4.顧客サービスは標準化 or ガラパゴス化

 

物流というのは、標準化が進む一方で、顧客の要望に合わせて、どこまでカスタマイズ出来るかも重要になります。

自社の顧客サービスの定義を明確に定義し、ITにより整流化、標準化を進めつつ、顧客のニーズに合わせてカスタマイズすべき点はしっかりと対応していくことが求められています。

顧客サービスを追求する為に、ニーズに合わせてカスタマイズしていくのと、ITにより業務を標準化、整流化していくのはトレードオフの関係にあるのではないかと良く質問されます。筆者の考えは、顧客ニーズに合わせてカスマイズしていく個所を見極め、そこにリソースを充填する為に、他業務の遂行効率をITで最大化するという考え方です。

多くの企業が物流システム導入の効果を最大化できずにいます。敗因は、物流システムを導入すれば、なんでも実現してくれると誤認し、高機能なITを導入しようとすることです。ITはあくまで業務遂行の為の支援ツールでしかありません。
導入効果を最大化するには、まずは導入の目的(ビジョン)を明確にし、ITにより標準化するところ、カスタマイズで差別化するところを明確にすることです。非効率な業務を全てITで標準化するように見直すだけでは不十分です。たとえ非効率であっても、それが顧客サービスに直結し、自社の差別化要素として戦略上必要であれば、システムやオペレーションをカスタマイズしてでも対応をしなければなりません。

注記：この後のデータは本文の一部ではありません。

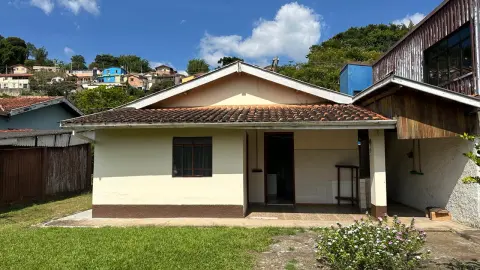Casa à venda no Centro de São Bento do Sapucaí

全ての業務を一般的な企業の物流に合わせて標準化させることがシステム導入の目的であれば、システムベンダーが推奨する機能をそのまま利用すればよいでしょう。そうではなく、ビジネスプロセスの最適化、物流による
差別化を目指すのであれば、的確なプロジェクト管理者の元、効果性の高いシステム導入を目指す必要があります。 

 

5.まとめ

 

日本の企業は最大化や最小化を実現しようとする意識が総じて高いです。例えば、生産性や効率化はとにかく最大まで高めようと努力しますし、誤出荷や欠品などは限りなくゼロに近づけようと努力します。その分オペレーションコストは割高になります。

一方で欧米の企業では、最適化の意識が総じて高く、利益を増やすことに直接結びつかないレベルでの効率化や品質の追及は行いません。それによって一定の収益性は担保できますが、オペレーションによる差別化は行えません。

どちらか一方が正しいというわけではありませんが、自社の強みをどこに設定するかを明確にする必要はあるでしょう。
例えば、小規模ECの荷主を多数集めて物流代行を行うのであれば、荷主の個別ニーズに対応するのではなく、オペレーションを均一化、標準化し、効率性と収益性を高める戦略になるでしょうし、高度な品質管理を必要とする医薬品等を扱う高品質の物流を提供するのであれば、顧客ニーズに合わせてその品質管理体制を個別にカスタマイズする方法をとるといった選択が検討されます。

この「運べない時代」に、顧客との関わり方を誤らないためには、物流による顧客サービスの本質を見抜き、自社の戦略を明確に打ち出す必要があるのではないでしょうか。